══ COLLECTED MATERIAL
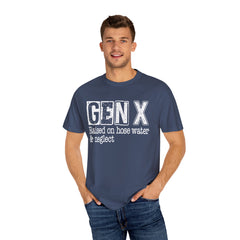 GEN X FUNNY graphic, Raised on Hose Water and Neglect, Retro Comfort Colors 1717, unisex garment-dyed t-shirt, gift for him, gift for her, Birthday gift tee, Vintage Style graphic tee, Fathers Day Shirt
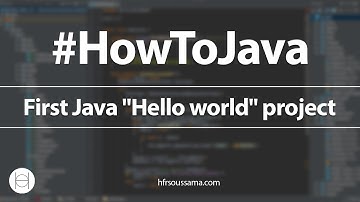 01- How to make your first Java "Hello world" project [#HowToJava]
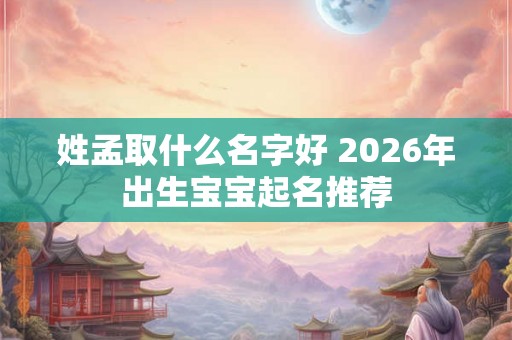 姓孟取什么名字好 2026年出生宝宝起名推荐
════
▶ _EXERCISE DETAILS_: Retype the data word for word and keep the pictures out of it.

▶ _ANSWER_:
 GEN X FUNNY graphic, Raised on Hose Water and Neglect, Retro Comfort Colors 1717, unisex garment-dyed t-shirt, gift for him, gift for her, Birthday gift tee, Vintage Style graphic tee, Fathers Day Shirt
 01- How to make your first Java "Hello world" project [#HowToJava]
 姓孟取什么名字好 2026年出生宝宝起名推荐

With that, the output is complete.